There are two main types of permanent plugs, the acrylic smart plug and the silicon Oasys. The smart plug goes inside the canal and is not felt above the eyelid. It stays there for life. I have had a few patients that have developed chronic, low grade irritations associated with the smart plug in the last 6 months or so. Due to the difficulty in removing the smart plug should this occur, I am leaning away from fitting the smart plug. Older silicon plugs that went completely into the canal tended to migrate down the canal where it would block off both drainage canals, the upper and lower, resulting in epiphoria. This happened too often and they are not used anymore. Patient complaints from these older types of plugs can still be read on different blog sites. Another type of silicon plug, the Oasys, has a part that stays above the eyelid, preventing it from going into the canal. However, the Oasys can fall out or be rubbed out by you, so it has to be occasionally replaced. The oasys can also rarely pop up alittle bit and irritate your eye. Closing your eyelids tightly will usually push them back into position. But, if you need to remove your plugs due to epiphoria, it is easier to remove the Oasys than the smart plug. I am also willing to place the oasys plug in your two upper puncta as well as your 2 lower puncta should you request more relief from your dry eye symptoms than the lower plugs offer, since I can remove the oasys plugs should epiphoria occur. Because of this, my preference is to fit the Oasys plug. I installed the smart plug in my wife’s eyes after her LASIK procedure and I have the Oasys installed in my lower eyelids.

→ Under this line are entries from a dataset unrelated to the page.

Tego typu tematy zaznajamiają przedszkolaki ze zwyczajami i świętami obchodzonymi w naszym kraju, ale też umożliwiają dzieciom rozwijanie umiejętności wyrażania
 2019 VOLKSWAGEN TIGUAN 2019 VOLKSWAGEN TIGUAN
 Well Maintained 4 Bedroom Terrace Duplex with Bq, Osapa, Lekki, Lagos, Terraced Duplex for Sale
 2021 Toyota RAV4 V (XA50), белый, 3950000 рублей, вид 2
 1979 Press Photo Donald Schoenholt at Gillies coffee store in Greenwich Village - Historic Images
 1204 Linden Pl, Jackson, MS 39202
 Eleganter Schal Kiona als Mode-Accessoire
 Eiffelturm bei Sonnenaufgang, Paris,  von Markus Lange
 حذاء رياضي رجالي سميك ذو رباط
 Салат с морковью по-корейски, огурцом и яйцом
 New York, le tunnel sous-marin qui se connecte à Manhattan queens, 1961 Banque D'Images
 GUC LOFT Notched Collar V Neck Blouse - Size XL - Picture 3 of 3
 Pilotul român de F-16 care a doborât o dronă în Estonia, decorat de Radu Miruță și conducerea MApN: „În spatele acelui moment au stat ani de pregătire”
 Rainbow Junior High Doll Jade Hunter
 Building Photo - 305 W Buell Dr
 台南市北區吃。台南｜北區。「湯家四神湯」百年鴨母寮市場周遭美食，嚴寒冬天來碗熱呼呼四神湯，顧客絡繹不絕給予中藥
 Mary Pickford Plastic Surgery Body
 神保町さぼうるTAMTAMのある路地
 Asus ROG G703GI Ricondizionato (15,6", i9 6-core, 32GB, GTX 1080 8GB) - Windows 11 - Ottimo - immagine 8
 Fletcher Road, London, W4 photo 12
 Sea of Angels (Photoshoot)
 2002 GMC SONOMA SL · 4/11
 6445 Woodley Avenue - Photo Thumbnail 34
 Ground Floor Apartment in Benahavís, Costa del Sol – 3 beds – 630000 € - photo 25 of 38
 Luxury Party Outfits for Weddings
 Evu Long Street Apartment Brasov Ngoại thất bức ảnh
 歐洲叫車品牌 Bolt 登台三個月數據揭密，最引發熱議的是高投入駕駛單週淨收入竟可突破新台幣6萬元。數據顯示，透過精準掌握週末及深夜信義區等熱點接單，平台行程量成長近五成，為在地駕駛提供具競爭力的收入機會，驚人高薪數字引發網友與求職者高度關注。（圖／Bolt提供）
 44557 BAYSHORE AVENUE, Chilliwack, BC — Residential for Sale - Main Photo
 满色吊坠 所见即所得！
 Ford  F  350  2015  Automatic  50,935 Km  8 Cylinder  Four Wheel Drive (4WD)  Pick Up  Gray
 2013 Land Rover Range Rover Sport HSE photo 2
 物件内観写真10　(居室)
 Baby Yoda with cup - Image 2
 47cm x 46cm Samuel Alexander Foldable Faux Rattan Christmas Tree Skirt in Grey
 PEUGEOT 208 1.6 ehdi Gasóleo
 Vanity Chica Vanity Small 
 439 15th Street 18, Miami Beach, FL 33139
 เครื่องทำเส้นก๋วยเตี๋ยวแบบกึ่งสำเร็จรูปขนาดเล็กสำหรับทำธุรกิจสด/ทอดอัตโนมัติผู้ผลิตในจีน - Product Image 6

Restasis is another option. It is a powerful anti-inflammatory that will increase your tear production and relieve some or most of your symptoms, but I’m not a big fan of it for a couple of reasons. Restasis needs to be taken twice a day for the rest of your life, it burns when you put it in and it costs a fair amount per month, even with most insurance plans. I much prefer trying punctal plugs first, which is a two-step process and will relieve a lot of the dry eye symptoms.